AURAL AUTOMATA 3 | MANUALLY CREATING SOUNDWAVES

Volume
Filter
Rate
Panning
Reverb
Delay Time
Delay Gain
         


Press the start button to hear the sine wave.



This experiment emerged from my efforts to synthesize wave forms "by hand." As I was studying the wave forms of various sounds, I thought it would be fun to draw those wave forms and use those drawings as a means to generate the corresponding audio.

This experiment is "incomplete" because, when I started, I didn't appreciate the fact that even relatively simple sounds have extremely complex, detailed wave forms and, without a ton of patience and a lot of computational power, it is not possible to sketch those.

Nonetheless, this demo is fun to play with. Use your mouse to sketch a wave form on the canvas. Make it as smooth or as jagged as you wish. Then hit the "start" button. The program will translate the coordinates of your sketch into a wave form for which the y-coordinates correspond to amplitude values. You can modulate the resulting sound using the Volume, Filter, and Rate controls, essentially making this a free-hand synthesizer rather than a oscillator-driven one. (You can also instruct the page to modulate the filter levels itself using the 'Auto Filter On' button. This creates a nice sweeping effect for many wave forms. The 'R2-D2' button randomly samples playrate values.)

The drawing you create will not be reproduced as a sound wave exactly, partly because I've taken a few processing shortcuts. For example, the x-axis provides a convenient way to think about time while drawing, but, in fact, it does not represent time explictly. Instead, as you're drawing (in real time), the y-coordinate of the mouse is pushed into an array. As a result, where (with respect to the x-axis) you draw is irrelevant to the wave being built. Fortunately, the removal of this constraint gives you more freedom to explore. Try writing your name. Or drawing a cat. Or creating vertical or diagonal streaks. Try drawing a circle (the easiest way to make a sine wave). There are a lot of neat things that can be created.

If your computer can handle it, one way to create some rich sounds is by opening this page in 4 or more tabs and having multiple waves playing at once, each of which being auto-filter modulated. Here is a brief sample of ambient drones from an experiment involving 6 tabs rendering distinct waves at once.

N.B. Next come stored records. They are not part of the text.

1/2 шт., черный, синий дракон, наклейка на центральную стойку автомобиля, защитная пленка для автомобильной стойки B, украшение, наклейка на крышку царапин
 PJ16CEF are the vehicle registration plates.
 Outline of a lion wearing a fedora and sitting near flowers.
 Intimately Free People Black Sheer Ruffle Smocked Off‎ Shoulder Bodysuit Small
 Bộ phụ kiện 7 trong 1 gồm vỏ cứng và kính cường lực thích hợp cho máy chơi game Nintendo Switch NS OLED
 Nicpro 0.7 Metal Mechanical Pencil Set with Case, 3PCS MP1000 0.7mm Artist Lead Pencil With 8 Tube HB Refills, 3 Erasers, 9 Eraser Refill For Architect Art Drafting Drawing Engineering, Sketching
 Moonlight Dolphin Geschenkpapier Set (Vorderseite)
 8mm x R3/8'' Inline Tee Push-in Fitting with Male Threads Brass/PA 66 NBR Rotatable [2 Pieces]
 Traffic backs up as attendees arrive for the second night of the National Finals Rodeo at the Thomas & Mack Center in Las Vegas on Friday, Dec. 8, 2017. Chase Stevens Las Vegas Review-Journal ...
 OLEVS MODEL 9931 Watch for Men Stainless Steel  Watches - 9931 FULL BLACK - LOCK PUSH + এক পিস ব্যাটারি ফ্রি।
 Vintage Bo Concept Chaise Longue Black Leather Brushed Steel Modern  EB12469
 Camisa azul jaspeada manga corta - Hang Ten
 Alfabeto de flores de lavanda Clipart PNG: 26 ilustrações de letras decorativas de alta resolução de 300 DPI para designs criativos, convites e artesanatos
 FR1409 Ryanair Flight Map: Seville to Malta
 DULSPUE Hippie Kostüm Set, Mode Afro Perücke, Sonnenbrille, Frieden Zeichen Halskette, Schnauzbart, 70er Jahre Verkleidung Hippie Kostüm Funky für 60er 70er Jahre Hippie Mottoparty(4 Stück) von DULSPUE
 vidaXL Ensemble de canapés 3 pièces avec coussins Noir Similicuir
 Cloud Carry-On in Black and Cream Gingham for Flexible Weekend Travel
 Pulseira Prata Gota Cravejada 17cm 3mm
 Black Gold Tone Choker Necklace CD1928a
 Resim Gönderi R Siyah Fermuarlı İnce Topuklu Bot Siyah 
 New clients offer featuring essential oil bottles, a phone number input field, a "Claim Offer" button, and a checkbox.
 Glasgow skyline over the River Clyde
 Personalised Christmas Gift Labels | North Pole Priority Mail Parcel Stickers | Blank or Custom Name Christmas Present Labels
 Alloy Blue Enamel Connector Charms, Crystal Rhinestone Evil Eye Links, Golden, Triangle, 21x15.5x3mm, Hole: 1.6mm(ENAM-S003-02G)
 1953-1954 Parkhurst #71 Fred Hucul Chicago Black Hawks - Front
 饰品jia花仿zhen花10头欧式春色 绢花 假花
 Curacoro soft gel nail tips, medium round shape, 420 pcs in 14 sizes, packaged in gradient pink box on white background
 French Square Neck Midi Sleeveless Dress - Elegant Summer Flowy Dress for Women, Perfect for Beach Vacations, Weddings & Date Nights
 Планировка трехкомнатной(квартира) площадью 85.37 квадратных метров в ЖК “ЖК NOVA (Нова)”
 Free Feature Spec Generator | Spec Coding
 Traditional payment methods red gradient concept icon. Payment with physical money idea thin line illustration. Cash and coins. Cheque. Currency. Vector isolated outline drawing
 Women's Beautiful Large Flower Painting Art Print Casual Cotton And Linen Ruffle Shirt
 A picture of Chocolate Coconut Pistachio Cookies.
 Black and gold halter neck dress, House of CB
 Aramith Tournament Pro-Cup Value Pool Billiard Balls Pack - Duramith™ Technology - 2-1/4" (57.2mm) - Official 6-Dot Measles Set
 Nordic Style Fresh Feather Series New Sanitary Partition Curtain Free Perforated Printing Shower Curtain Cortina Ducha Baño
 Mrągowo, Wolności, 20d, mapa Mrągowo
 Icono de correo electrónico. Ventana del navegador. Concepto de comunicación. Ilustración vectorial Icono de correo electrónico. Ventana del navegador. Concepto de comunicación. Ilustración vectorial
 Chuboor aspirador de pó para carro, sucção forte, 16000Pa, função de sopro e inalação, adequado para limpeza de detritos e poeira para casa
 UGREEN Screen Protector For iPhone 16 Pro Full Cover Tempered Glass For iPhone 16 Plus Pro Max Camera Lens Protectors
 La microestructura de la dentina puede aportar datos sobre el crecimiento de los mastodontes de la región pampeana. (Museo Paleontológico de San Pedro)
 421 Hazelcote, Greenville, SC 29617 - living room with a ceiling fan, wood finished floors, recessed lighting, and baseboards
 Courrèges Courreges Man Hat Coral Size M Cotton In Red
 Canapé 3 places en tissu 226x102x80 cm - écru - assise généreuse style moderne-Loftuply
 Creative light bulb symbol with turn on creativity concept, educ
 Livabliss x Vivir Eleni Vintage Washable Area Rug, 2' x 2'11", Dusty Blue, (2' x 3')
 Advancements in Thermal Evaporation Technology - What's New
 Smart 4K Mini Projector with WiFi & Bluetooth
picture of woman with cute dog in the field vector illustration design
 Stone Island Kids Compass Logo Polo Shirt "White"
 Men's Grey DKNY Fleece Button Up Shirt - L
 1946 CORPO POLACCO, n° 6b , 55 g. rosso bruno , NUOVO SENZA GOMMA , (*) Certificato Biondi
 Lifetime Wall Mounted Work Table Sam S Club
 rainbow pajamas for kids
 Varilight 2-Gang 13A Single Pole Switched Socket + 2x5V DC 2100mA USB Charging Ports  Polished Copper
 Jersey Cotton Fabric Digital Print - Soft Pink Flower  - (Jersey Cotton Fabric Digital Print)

When you press "start", the program will show you, in a dark-blue color, the curve it has imputed from your drawing and that is being rendered as audio. The program will automatically loop the wave and continue to play it until you press "stop." If you ignore the x-axis and simply draw, draw, draw, you can make a longer audio clip. But these longer curves take longer to process and may slow your machine. A typical curve, drawn from the left to the right, will produce a sound wave about a tenth of a second long before looping back on itself.

The page opens with a pre-drawn sine wave--a form considered a pure tone. In digital audio, this is a primitive that can be duplicated and manipulated to re-create any sound. You can hear this pure tone as a starting point by pressing "start." In my opinion, this particular wave form, combined with moderate reverb and the R2-D2 function, produces some really nice sounds.